What to do: Every entry below has to appear again in your reply, word for word, but no picture may.

═════ Data ═════

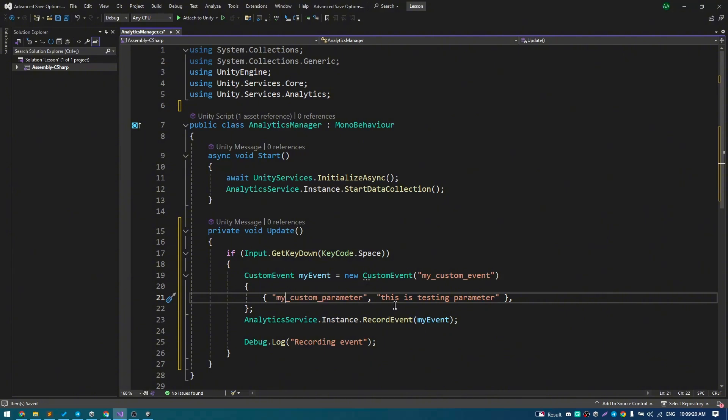After it add Async start method with initialization and update method to call the event by pressing space button for example.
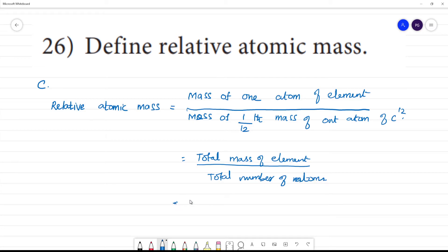Relative atomic mass is a dimensionless quantity, meaning it has no unit.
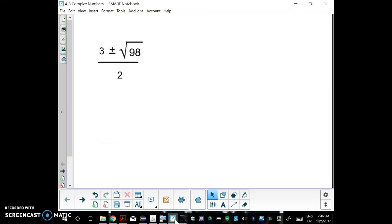Welcome to section 4.8. The big picture is we're going to start to find imaginary solutions to quadratic equations, but we've got a long ways to go, and we're going to start with a bunch of stuff about imaginary numbers.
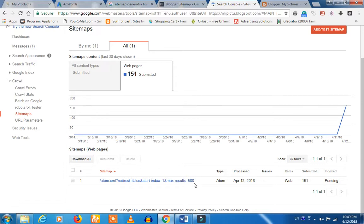Then you will see another option to submit. Right now, let's check.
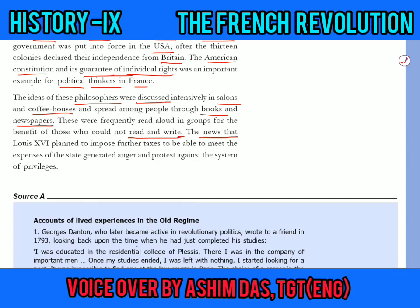The news that Louis XVI planned to impose further taxes to meet the expenses of the state generated anger and protest against the system of privileges. These ideas spread among the people through books, newspapers, salons, and coffee houses. When Louis XVI announced he would impose more taxes, everybody became quite angry and there was a great protest — people declared that all are equal and all should have equality.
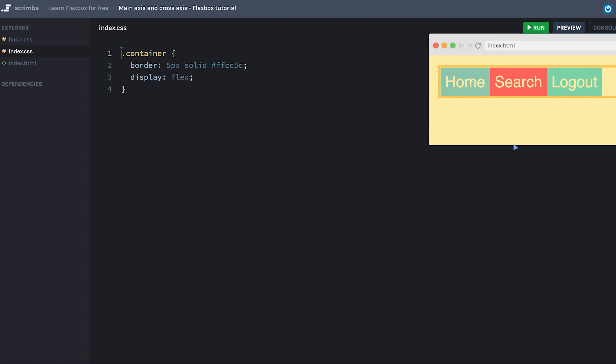Now the reason you need to understand this is that we're using different CSS properties in order to position our content along the main axis, which goes horizontally in this case, and the cross axis, which goes vertically in this case.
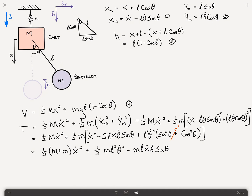We can rewrite this in a more compact form as one-half times big M plus little M times X dot squared, plus one-half M L squared theta dot squared, minus M L X dot theta dot sine of theta. We'll call this equation 5.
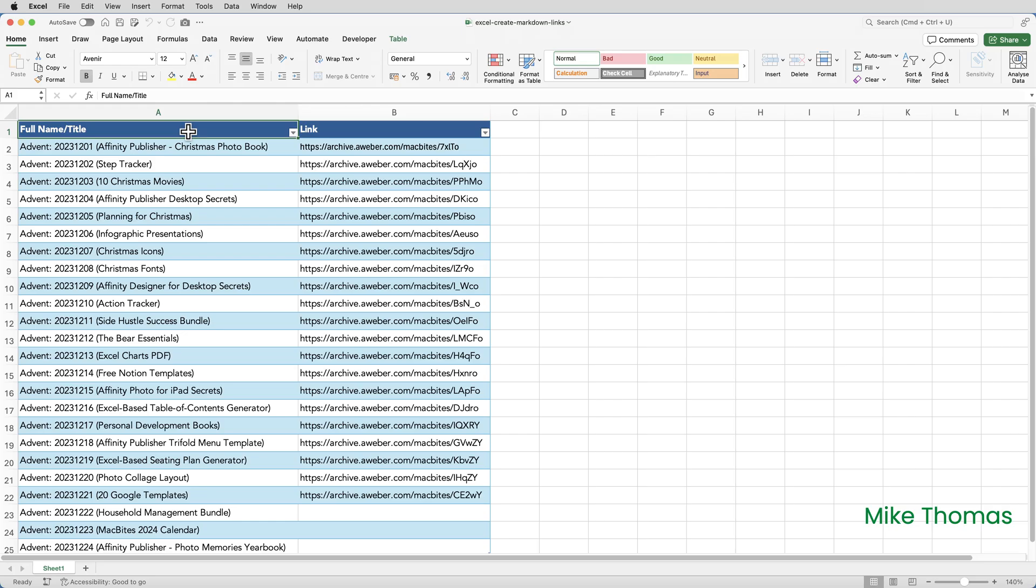Most users' perception of Power Query is that it's a feature in Excel that's used to import data from external sources. Things like other Excel files, PDFs, CSVs and so on.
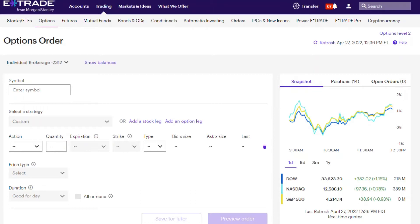The very first step to create a covered call is that you need to own a stock — at least 100 shares of any ticker symbol. Go to Trading and click on Options. I created a covered call for one of my stocks this week.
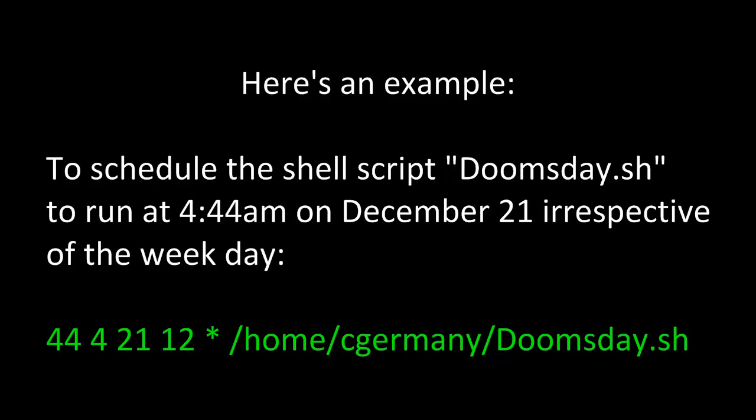Here's an example. To schedule the shell script doomsday.sh to run at 4:44 a.m. on December 21st irrespective of the weekday, you would write 44 for the minutes, 4 for the hour, 21 for the day of the month, 12 for the month, and an asterisk or wildcard for the day of the week since it doesn't matter, and then finally the complete path to the job or the script, in this case doomsday.sh.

═════

Answer to the exercise:
After it add Async start method with initialization and update method to call the event by pressing space button for example.
Relative atomic mass is a dimensionless quantity, meaning it has no unit.
Welcome to section 4.8. The big picture is we're going to start to find imaginary solutions to quadratic equations, but we've got a long ways to go, and we're going to start with a bunch of stuff about imaginary numbers.
Then you will see another option to submit. Right now, let's check.
The news that Louis XVI planned to impose further taxes to meet the expenses of the state generated anger and protest against the system of privileges. These ideas spread among the people through books, newspapers, salons, and coffee houses. When Louis XVI announced he would impose more taxes, everybody became quite angry and there was a great protest — people declared that all are equal and all should have equality.
Now the reason you need to understand this is that we're using different CSS properties in order to position our content along the main axis, which goes horizontally in this case, and the cross axis, which goes vertically in this case.
We can rewrite this in a more compact form as one-half times big M plus little M times X dot squared, plus one-half M L squared theta dot squared, minus M L X dot theta dot sine of theta. We'll call this equation 5.
Most users' perception of Power Query is that it's a feature in Excel that's used to import data from external sources. Things like other Excel files, PDFs, CSVs and so on.
The very first step to create a covered call is that you need to own a stock — at least 100 shares of any ticker symbol. Go to Trading and click on Options. I created a covered call for one of my stocks this week.
Here's an example. To schedule the shell script doomsday.sh to run at 4:44 a.m. on December 21st irrespective of the weekday, you would write 44 for the minutes, 4 for the hour, 21 for the day of the month, 12 for the month, and an asterisk or wildcard for the day of the week since it doesn't matter, and then finally the complete path to the job or the script, in this case doomsday.sh.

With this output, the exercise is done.